Il y a quelques semaines un client m’a prévenue par mail qu’il m’appellerait sous peu, depuis les États-Unis où il est expatrié. C’est un Français, client de la première heure, que j’accompagne dans ses nombreux changements professionnels et personnels.
Lorsqu’il a besoin de m’appeler, cela signifie qu’il vit une période délicate : questionnement ou changement ou situation de mal-être. J’ai le privilège d’être sa coach préférée et il me fait l’honneur d’être mon premier client américain (il en a pris la nationalité).
Le coup de fil a lieu durant une heure environ. Nous faisons le point sur sa situation : il me raconte ce qui a évolué depuis l’automne dernier, date de son dernier appel outre-atlantique.

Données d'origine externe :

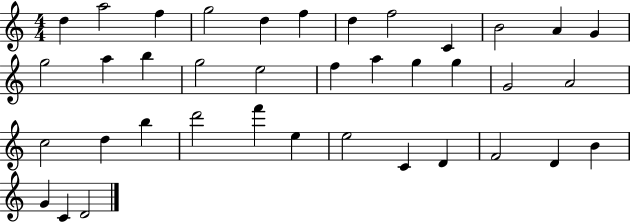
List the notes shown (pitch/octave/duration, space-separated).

D5/q A5/h F5/q G5/h D5/q F5/q D5/q F5/h C4/q B4/h A4/q G4/q G5/h A5/q B5/q G5/h E5/h F5/q A5/q G5/q G5/q G4/h A4/h C5/h D5/q B5/q D6/h F6/q E5/q E5/h C4/q D4/q F4/h D4/q B4/q G4/q C4/q D4/h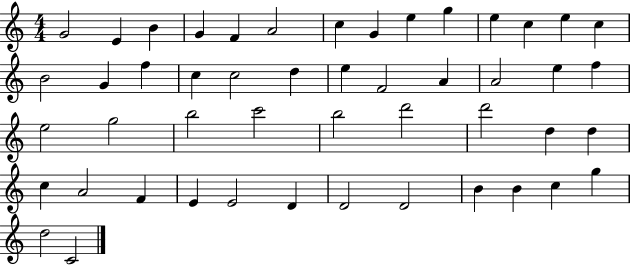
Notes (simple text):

G4/h E4/q B4/q G4/q F4/q A4/h C5/q G4/q E5/q G5/q E5/q C5/q E5/q C5/q B4/h G4/q F5/q C5/q C5/h D5/q E5/q F4/h A4/q A4/h E5/q F5/q E5/h G5/h B5/h C6/h B5/h D6/h D6/h D5/q D5/q C5/q A4/h F4/q E4/q E4/h D4/q D4/h D4/h B4/q B4/q C5/q G5/q D5/h C4/h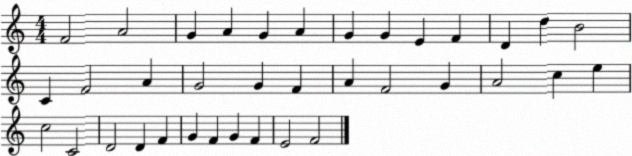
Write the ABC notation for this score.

X:1
T:Untitled
M:4/4
L:1/4
K:C
F2 A2 G A G A G G E F D d B2 C F2 A G2 G F A F2 G A2 c e c2 C2 D2 D F G F G F E2 F2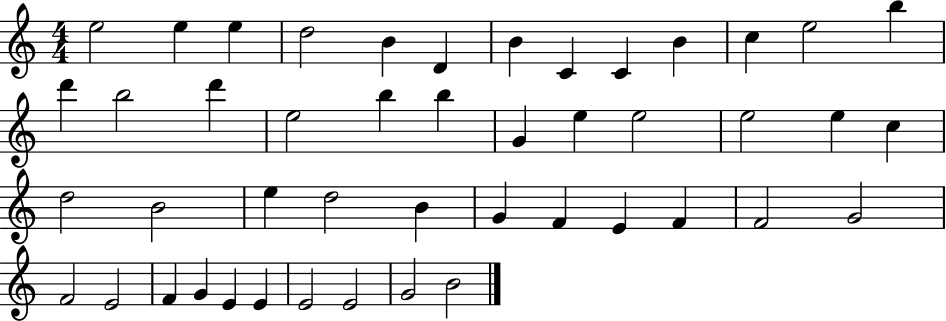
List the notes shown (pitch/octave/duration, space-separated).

E5/h E5/q E5/q D5/h B4/q D4/q B4/q C4/q C4/q B4/q C5/q E5/h B5/q D6/q B5/h D6/q E5/h B5/q B5/q G4/q E5/q E5/h E5/h E5/q C5/q D5/h B4/h E5/q D5/h B4/q G4/q F4/q E4/q F4/q F4/h G4/h F4/h E4/h F4/q G4/q E4/q E4/q E4/h E4/h G4/h B4/h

Il a « tout pour être heureux » : un job de rêve (Directeur Général de tout le Nord-américain d’une multinationale, CEO comme on dit aux US), il gagne très bien sa vie. Il exauce son rêve de gamin en jouant au businessman (sic), toujours en partance entre deux avions. Il adore les gadgets haute technologie et maîtrise les réseaux sociaux. Il a eu plusieurs belles femmes à son bras qui ont fait sa fierté de mâle (sic). Il a appris le russe à l’époque où il était muté en Russie et fréquentait une Slave. Il a ensuite appris l’italien pour séduire une belle Italienne aux yeux verts. Il est actuellement divorcé d’une Française avec qui il est resté très ami et fréquente depuis quelques mois une Américaine qu’il adore. Il n’a pas d’enfant.
Alors quoi ? Qu’est-ce qui se passe, me direz-vous ?
– Nathalie, j’en ai marre de cette vie !
– Que se passe-t-il ?
– J’ai fait le tour de cette vie-là, ça ne m’amuse plus. Tous ces problèmes à régler tout le temps, j’en peux plus.
– Oui, je t’écoute.
Il me raconte dans un seul souffle ce qui l’encombre : son travail (« …en plus j’ai un procès sur le dos pour harcèlement, pas du tout justifié… »), sa vie amoureuse (« elle vit à New York, je vis dans le New Jersey, aucun de nous ne veut lâcher son confort pour vivre ensemble, on n’avance pas… »), l’Amérique (« c’est la crise ici, j’ai envoyé plus de trois cents CV pour changer de job, mais plus tu montes dans l’échelle sociale, plus les postes se raréfient… »), la France (« pfff, mes parents ne m’ont jamais compris, j’ai rien à faire là-bas… »), ses vieux potes (« on s’est perdu de vue, et puis ils sont tous mariés avec enfants…. »), ses amis américains (« on s’pose les mêmes questions en ritournelle, ‘sont pas marrant à force… »), ses choix (‘j’arrive à la quarantaine, à quoi ça rime tout ça…?).
Je reformule son mal-être, il acquiesce : « …En fait, je crois que j’ai des problèmes de riches. J’ai accumulé, j’ai tout ce que je veux et je ne sais plus ce que je veux. J’ai peur de perdre ce que j’ai acquis. Moins je veux lâcher, plus je me sens prisonnier. » Son jugement sur lui-même est lucide mais cela reste un jugement et je ne veux pas en rester là.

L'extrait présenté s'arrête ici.